Mayor Petra Roth defended her invitation to Grosser to deliver
a speech at next week’s commemoration of Kristallnacht, a wave of
state-sponsored violence against German Jews on November 9, 1938.
In an
exclusive interview with
The Jerusalem Post, Nahshon said Grosser’s “extreme
opinions are tainted by self-hatred.”
The Israeli Embassy has gone on the
offensive to counter the growing efforts in Germany to delegitimize the Jewish
state.
German governments – including local and regional ones –
frequently give anti-Zionist and anti-Israel Jews prizes and speaking
engagements to vent criticism of Israel. Last year, then- German president Horst
Köhler issued the Federal Merit Cross, one of the country’s most prestigious
awards, to Israeli lawyer Felicia Langer, who has equated Israel with Nazi
Germany and the South African apartheid regime.
Speaking from France,
Grosser, a sociologist, political scientist and historian born to a German-
Jewish family in Frankfurt in 1925, told the Post in a telephone interview that
he stands by his statement that “criticism of Israel and anti-Semitism have
nothing to do with each other.
It is rather Israel’s policies that
promote anti-Semitism globally.”
Grosser has compared his treatment by
the Nazis in the early 1930s with Israel’s policies toward the Palestinians. His
family fled to France in 1933.
The “Palestinians are despised by Israel”

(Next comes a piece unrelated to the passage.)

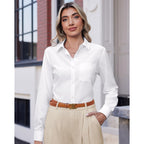 J.Ver Button Down Shirts For Women Wrinkle Free Long Sleeve Dress Shirt Business Casual Work Blouse With Pocket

and Israel has “no feeling for [the] suffering in Gaza and in the territories,”
He told the Post.
“It’s all about understanding the suffering of others,”
he said.
“This understanding generally does not exist on the part of
Jews.”
Grosser said he plans to “criticize” Israel during his speech on
Tuesday and to reference Theodor Herzl in saying that there should be “no
discrimination by sex and religion” in Israel.
The speaking invitation
has frayed relations between the city of Frankfurt and Germany’s Jewish
community. The Central Council of Jews in Germany called for Grosser to be
disinvited.
The Frankfurt Jewish community issued a statement, saying,
“In recent years, he has represented escalating positions that are unacceptable
for us.”
The Frankfurt Jewish community wrote that Grosser has issued a
sweeping attack on the Central Council of Jews in Germany – the main umbrella
organization for Germany’s 106,000 Jews. According to members of the Jewish
community there, the Haifa-born Dieter Graumann and Salomon Korn, both vice
presidents of the Central Council and residents of Frankfurt, plan to attend the
Kristallnacht event but to walk out if Grosser engages in tirades against
Israel.
Grosser previously called the Central Council one of the “worst”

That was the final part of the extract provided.